--- INPUT MATERIAL Enclosed Below ---
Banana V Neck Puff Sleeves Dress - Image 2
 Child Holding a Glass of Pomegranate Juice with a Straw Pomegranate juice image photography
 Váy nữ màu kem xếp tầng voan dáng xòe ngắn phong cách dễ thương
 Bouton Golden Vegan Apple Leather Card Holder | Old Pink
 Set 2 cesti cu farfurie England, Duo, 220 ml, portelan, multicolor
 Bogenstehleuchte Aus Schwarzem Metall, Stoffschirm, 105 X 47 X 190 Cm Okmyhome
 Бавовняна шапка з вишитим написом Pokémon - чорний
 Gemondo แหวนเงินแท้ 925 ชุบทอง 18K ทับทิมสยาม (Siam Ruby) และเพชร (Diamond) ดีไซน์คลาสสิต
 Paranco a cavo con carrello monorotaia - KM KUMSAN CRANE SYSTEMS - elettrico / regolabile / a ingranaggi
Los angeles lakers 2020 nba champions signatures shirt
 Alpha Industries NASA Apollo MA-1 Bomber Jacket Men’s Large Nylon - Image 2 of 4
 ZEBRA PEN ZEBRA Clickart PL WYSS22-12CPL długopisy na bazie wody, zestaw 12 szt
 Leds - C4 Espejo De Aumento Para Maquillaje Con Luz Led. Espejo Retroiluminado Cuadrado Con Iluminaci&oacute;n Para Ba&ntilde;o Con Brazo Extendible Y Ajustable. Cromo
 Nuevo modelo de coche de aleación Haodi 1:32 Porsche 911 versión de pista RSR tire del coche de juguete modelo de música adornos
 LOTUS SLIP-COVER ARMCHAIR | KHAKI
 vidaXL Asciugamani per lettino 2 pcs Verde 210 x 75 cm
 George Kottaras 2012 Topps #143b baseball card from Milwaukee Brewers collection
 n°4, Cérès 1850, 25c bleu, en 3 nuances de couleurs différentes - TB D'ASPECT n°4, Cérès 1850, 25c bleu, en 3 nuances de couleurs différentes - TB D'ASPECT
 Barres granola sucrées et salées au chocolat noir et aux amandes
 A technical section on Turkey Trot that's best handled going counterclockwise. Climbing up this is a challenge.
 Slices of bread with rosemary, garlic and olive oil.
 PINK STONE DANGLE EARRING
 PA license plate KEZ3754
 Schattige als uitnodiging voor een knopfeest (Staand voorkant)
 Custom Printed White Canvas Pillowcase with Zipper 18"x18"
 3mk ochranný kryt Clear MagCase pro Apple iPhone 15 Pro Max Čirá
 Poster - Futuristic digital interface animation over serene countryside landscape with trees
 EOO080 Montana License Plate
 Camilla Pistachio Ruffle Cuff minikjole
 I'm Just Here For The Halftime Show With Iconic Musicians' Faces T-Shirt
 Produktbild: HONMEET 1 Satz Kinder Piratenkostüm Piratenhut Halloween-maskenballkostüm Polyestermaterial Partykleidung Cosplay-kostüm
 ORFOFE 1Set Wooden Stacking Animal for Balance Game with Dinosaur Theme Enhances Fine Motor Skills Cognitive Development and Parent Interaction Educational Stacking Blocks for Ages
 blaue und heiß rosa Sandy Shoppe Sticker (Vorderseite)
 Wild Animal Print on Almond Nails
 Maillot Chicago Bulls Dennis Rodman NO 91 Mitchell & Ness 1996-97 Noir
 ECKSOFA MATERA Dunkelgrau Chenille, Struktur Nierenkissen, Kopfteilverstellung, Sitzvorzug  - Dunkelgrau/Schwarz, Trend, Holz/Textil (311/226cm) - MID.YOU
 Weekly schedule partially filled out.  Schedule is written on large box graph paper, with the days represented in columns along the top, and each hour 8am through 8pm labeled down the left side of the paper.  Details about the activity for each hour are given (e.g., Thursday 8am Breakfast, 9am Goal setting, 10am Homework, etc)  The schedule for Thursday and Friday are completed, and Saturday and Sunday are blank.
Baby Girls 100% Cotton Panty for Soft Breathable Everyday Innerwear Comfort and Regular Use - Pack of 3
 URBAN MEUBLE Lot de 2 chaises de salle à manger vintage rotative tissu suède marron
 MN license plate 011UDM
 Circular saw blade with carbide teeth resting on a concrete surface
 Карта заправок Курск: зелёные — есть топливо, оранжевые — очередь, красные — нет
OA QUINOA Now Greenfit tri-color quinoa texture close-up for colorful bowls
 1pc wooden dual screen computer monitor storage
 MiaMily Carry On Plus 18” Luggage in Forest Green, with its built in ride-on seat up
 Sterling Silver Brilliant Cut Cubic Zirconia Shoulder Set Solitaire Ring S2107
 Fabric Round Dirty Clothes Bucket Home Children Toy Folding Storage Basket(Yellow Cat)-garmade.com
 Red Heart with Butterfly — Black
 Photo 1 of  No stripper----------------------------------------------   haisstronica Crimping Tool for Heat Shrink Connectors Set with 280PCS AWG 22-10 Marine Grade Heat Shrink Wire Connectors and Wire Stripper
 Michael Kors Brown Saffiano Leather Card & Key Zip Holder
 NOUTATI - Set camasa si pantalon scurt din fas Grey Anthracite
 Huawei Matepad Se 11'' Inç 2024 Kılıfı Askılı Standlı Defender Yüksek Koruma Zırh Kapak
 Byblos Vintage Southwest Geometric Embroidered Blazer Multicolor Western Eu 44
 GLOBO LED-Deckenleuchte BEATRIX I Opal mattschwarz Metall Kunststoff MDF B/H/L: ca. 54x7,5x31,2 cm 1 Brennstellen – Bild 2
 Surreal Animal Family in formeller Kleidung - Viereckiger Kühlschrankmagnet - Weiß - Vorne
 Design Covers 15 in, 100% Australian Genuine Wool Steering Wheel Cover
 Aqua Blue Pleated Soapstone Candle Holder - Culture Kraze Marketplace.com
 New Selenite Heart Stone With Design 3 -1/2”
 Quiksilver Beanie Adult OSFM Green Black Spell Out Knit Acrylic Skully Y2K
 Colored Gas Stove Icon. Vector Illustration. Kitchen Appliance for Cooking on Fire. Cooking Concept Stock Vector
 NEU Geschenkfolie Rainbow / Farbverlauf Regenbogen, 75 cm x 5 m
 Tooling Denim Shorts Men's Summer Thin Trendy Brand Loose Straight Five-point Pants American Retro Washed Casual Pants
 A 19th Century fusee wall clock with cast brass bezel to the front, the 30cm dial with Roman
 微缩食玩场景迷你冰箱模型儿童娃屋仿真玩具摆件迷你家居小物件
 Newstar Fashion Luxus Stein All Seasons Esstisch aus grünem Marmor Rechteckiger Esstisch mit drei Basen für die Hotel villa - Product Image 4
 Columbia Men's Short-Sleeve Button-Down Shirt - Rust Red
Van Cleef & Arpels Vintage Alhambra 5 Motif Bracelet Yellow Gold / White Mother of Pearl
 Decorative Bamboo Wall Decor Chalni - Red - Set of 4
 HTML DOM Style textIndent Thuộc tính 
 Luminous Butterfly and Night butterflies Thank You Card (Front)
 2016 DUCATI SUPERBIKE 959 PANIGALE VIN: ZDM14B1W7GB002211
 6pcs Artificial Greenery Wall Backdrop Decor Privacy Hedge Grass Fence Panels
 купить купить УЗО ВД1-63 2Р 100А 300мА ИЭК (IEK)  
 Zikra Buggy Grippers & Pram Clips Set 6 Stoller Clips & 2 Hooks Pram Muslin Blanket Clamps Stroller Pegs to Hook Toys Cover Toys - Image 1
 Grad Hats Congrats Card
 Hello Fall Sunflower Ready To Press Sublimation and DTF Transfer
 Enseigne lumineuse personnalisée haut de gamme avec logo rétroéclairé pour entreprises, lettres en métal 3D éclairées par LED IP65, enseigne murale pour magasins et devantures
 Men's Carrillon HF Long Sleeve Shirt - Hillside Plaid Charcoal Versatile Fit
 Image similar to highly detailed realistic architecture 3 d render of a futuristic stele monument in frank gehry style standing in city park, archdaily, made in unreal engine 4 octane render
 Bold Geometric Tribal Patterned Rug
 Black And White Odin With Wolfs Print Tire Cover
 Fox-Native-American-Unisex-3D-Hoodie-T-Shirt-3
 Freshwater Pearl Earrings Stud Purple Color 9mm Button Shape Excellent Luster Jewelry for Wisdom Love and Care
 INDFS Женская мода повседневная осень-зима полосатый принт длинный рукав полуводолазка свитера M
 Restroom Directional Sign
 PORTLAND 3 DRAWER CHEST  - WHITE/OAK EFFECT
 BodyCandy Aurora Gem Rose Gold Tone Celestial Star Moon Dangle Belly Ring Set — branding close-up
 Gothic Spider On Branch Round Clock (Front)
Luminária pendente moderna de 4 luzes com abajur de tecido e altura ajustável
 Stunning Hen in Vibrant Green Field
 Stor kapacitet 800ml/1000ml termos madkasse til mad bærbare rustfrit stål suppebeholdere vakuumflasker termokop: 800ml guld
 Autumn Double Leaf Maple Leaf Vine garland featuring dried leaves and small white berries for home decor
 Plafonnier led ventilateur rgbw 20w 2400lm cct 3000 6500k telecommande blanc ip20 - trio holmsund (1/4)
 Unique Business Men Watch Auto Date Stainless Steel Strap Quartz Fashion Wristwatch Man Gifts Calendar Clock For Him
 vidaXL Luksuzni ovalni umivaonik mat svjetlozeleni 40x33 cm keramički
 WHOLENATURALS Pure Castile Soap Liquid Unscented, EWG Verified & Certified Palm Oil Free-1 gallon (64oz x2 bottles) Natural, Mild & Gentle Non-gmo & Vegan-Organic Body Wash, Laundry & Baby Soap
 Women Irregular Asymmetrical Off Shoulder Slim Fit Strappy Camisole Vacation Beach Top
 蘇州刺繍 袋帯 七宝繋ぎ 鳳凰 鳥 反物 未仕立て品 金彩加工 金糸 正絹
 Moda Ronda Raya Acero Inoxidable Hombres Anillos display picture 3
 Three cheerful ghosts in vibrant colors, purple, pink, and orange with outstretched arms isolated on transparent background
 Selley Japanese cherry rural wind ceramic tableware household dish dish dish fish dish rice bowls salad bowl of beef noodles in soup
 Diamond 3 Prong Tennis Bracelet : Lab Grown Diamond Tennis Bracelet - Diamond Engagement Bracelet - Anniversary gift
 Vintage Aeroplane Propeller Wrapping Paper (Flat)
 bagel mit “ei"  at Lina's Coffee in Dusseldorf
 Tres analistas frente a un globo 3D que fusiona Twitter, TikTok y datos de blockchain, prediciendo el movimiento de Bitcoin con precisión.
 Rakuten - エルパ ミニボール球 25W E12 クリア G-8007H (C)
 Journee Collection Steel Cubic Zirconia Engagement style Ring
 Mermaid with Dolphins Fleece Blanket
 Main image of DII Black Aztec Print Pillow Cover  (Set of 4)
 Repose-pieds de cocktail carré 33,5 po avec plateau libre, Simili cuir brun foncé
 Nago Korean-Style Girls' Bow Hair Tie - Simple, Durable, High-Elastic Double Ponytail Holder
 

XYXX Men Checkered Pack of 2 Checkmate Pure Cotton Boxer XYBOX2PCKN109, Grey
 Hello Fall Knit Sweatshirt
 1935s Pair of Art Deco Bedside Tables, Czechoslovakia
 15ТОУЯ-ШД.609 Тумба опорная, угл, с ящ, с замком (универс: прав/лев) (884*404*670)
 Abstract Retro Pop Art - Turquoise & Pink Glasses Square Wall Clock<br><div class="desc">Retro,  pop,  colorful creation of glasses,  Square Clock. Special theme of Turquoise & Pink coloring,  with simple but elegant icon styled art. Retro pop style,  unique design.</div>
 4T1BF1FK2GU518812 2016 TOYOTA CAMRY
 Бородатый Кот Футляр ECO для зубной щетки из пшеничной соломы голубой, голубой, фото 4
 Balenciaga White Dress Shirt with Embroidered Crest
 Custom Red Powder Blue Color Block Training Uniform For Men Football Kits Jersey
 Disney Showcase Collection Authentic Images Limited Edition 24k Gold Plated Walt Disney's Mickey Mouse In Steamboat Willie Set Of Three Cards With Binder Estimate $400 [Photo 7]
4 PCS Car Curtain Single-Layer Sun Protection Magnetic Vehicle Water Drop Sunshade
--- End of Enclosed INPUT MATERIAL ---
◆ THE TASK ◆
Above are some records; copy exactly the lines from the one with "Decorative Bamboo Wall" through the one with "6pcs Artificial Greenery", both included, and no others.

◆ YOUR RESPONSE ◆
 Decorative Bamboo Wall Decor Chalni - Red - Set of 4
 HTML DOM Style textIndent Thuộc tính 
 Luminous Butterfly and Night butterflies Thank You Card (Front)
 2016 DUCATI SUPERBIKE 959 PANIGALE VIN: ZDM14B1W7GB002211
 6pcs Artificial Greenery Wall Backdrop Decor Privacy Hedge Grass Fence Panels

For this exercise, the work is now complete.